Observaciones similares ha hecho el historiador militar y teniente general J. F. C. Fuller:

La influencia del espíritu de la nacionalidad, es decir, de la democracia, fue profunda en la guerra, (…) emocionalizó la guerra y, por consiguiente, la brutalizó (…) Los ejércitos nacionales luchan contra naciones, los ejércitos reales a sus iguales, los primeros obedecen a una turba siempre enloquecida, los segundos a un rey, generalmente cuerdo. (…) Todo esto derivó de la Revolución francesa, que también dio al mundo el servicio militar obligatorio: la guerra del rebaño y el rebaño uniéndose a las finanzas y el comercio han engendrado nuevos reinos de guerra. Pues cuando lucha la nación entera, todo el crédito nacional está disponible para el objetivo de la guerra. [War and Western Civilization, pp. 26-27]

Y William A. Orton lo resume así:

Las guerras del siglo XIX se mantenían dentro de los límites de la tradición, reconocida en el derecho internacional, de que la propiedad y los negocios civiles estaban fuera del ámbito del combate. Los activos civiles no estaban expuestos a secuestro arbitrario o apropiación permanente, y aparte de dichas estipulaciones territoriales y financieras que un Estado pudiera imponer a otro, la vida económica y cultural de los beligerantes se dejaba en general que continuara en buena medida como hasta entonces. La práctica del siglo XX ha cambiado todo eso. Durante las listas ilimitadas de contrabando de ambas guerras mundiales unidas a declaraciones unilaterales de derecho marítimo pusieron en duda todo tipo de comercio e hicieron que todos los precedentes fueran papel mojado. El final de la primera guerra estuvo marcado por un esfuerzo decidido y con éxito de dificultar la recuperación económica de los perdedores principales y mantener ciertas propiedades civiles. La segunda guerra ha visto la expansión de esa política hasta un punto en el que el derecho internacional de guerra ha dejado de existir. Durante años, el gobierno de Alemania, hasta donde llegaba el alcance de sus armas, había basado una política de confiscación en una teoría racial que no tenía ninguna base en el derecho civil, el derecho internacional, ni en la ética cristiana y cuando empezó la guerra esa violación de la cortesía entre naciones resultó contagiosa. El liderazgo angloamericano, tanto de palabra como de obra, inició una cruzada que no admitía límites legales ni territoriales al ejercicio de la coerción. El concepto de neutralidad fue denunciado tanto en la teoría como en la práctica. No solo los activos e intereses de los enemigos, sino los activos e intereses de cualquier parte, incluso en países neutrales, estaban expuestos a toda restricción que pudieran hacer efectiva las potencias beligerantes y los activos e intereses de los Estados neutrales y sus civiles, alojados en territorios beligerantes o bajo control beligerante, estaban sometidos prácticamente al mismo tipo de coerción que los enemigos nacionales. Así que la «guerra total» se convirtió en un tipo de guerra de la que ninguna comunidad civil podría esperar escapar y las «naciones amantes de la paz» sacarían la obvia inferencia. [The Liberal Tradition: A Study of the Social and Spiritual Conditions of Freedom, pp. 251-252]

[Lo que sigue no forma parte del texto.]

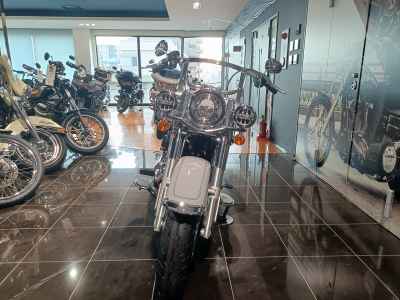 Harley-Davidson Heritage FLHCS114 2025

Digresión: La doctrina de la paz democrática

He explicado cómo la institución de un Estado lleva a la guerra; por qué, paradójicamente, los Estados internamente liberales tienden a ser potencias imperialistas y cómo el espíritu de la democracia ha contribuido a la descivilización en la conducción de la guerra.

Más en concreto, he explicado el ascenso de Estados Unidos al rango de principal potencia imperial mundial y, como consecuencia de sus sucesivas transformaciones desde el mismo principio como república aristocrática a una democracia de masas sin restricciones que empezó con la Guerra de la Independencia del Sur, el papel de Estados Unidos como belicista arrogante, mojigato y fervoroso.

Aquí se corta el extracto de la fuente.